These are the hacks and attacks that happened last month. A short recap and rundown of what you might have missed in regards to consumer personal data exposed. Hacks of the Month —January!
Week 1 (Jan 1-11):
Hackers hijack smart TVs and Chromecasts dubbed as “CastHack” displaying a message. Due to home router setting called Universal Plug and Play (UPnP), which is used to help smart devices easily connect to other devices on a private network – however, the feature can also publicly expose the devices’ internet ports if configured that way.

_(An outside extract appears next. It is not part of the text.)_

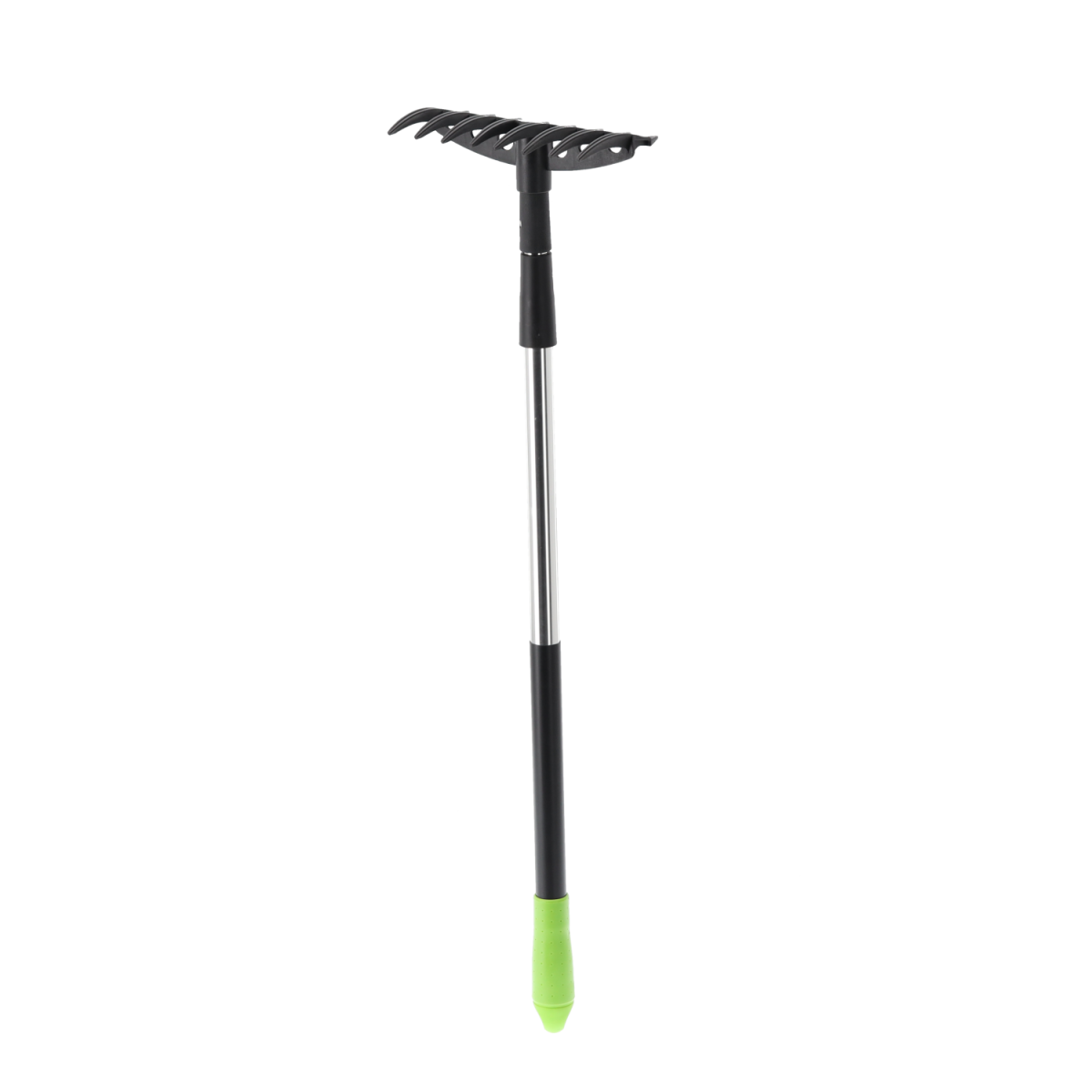 Set de unelte pentru grădină 10 în 1 cu mâner telescopic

Password manager Blur disclosed that 2.4 million users personal information were potentially affected. The issue was a misconfigured Amazon S3 storage bucket. The exposed information includes unique email addresses, first and last names, encrypted Blur passwords, password hints, for users who registered their accounts before January 6, 2018.
Week 2 (Jan 12-19):
OXO, kitchen and housewares firm sent to its customers that their e-commerce website was breached between 2017-2018. The compromise may have included names, billing and shipping address, and credit card information.

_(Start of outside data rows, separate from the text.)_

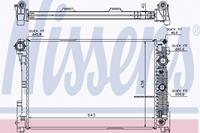 mercedes-benz Radiateur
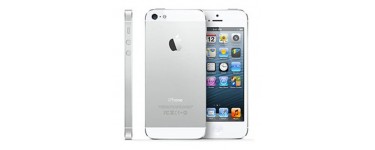 Rue du Commerce: APPLE iPhone 5 blanc 32Go reconditionné à 299,86€ au lieu de 319€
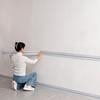 1pc self-adhesive corner tape strip wood grain transition strip, suitable for walls, door frames, easy to install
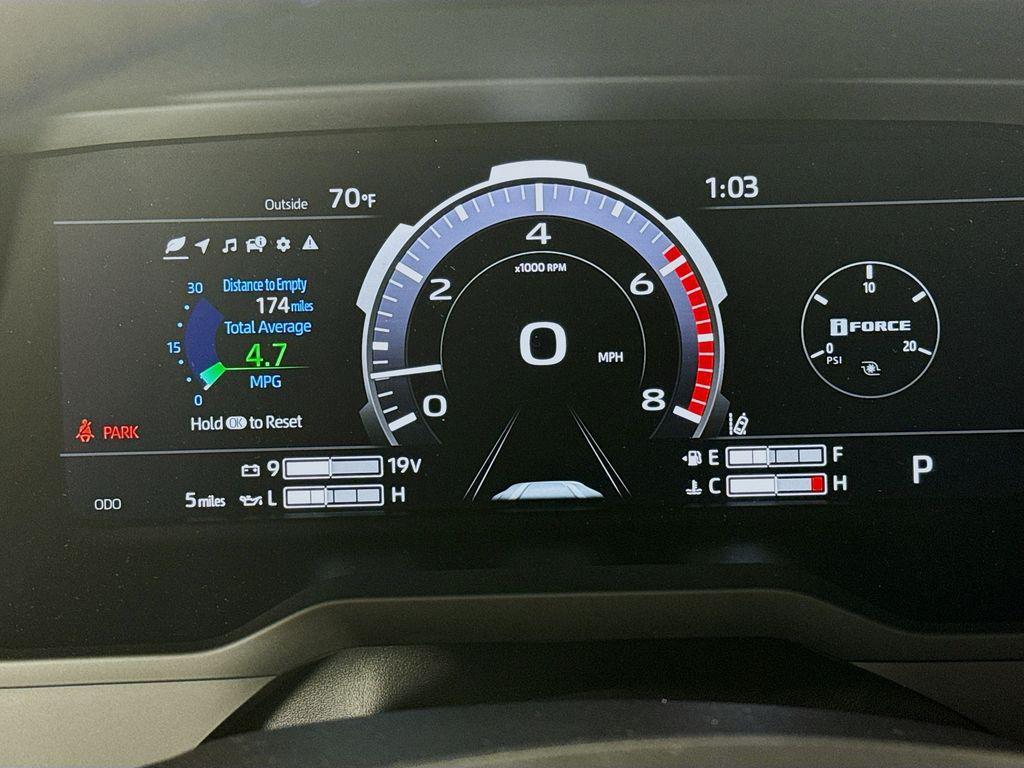 new 2026 Toyota Tundra car, priced at $68,387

VOIPO, a California Voice-Over-IP (VoIP) service provider accidentally left millions of customer call logs, SMS message logs, and credentials in plain text, publicly accessible to anyone without authentication. An open ElasticSearch database was discovered by Justin Paine from CloudFlare using the search engine Shodan. Justin Paine notified VOIPO’s CTO of the find. According to Justin Paine, the database contained many logs and time stamps of calls and texts. The exposed information logs date back to July 2017 (call logs) and to December 2015 (SMS/MMS logs). Anyone who uses VOIPo should change their passwords as a precaution.
Known as Collection #1, a large collection of credential stuffing lists (combinations of email addresses and passwords used to hijack accounts on other services) was discovered being distributed on a popular hacking forum. The data contained almost 2.7 billion records including 773 million unique email addresses alongside passwords those addresses had used on other breached services.
Week 3 (Jan 20-31):
Exposed Twitter Private Tweets—Android Users
Twitter has disclosed that it fixed a bug, that for more than four years made private tweets publicly on the platform. between November 3rd, 2014 and January 14, 2019 twitter users for Android had a bug that exposed users who turn on “protect your tweets” to be made public. Protect your tweets is meant for only to be visible person’s followers. Twitter has notified users and turned
FaceTime Privacy Bug
A privacy bug for iPhone users allowed FaceTime users to make calls to others in the app that causes it to “answer” a call and eavesdrop into the audio feed. Recently reporting the bug impacts devices running IOs 12.1 or later. The bug has been reported to Apple and has made Group Facetime temporarily unavailable as of Tuesday, January 29.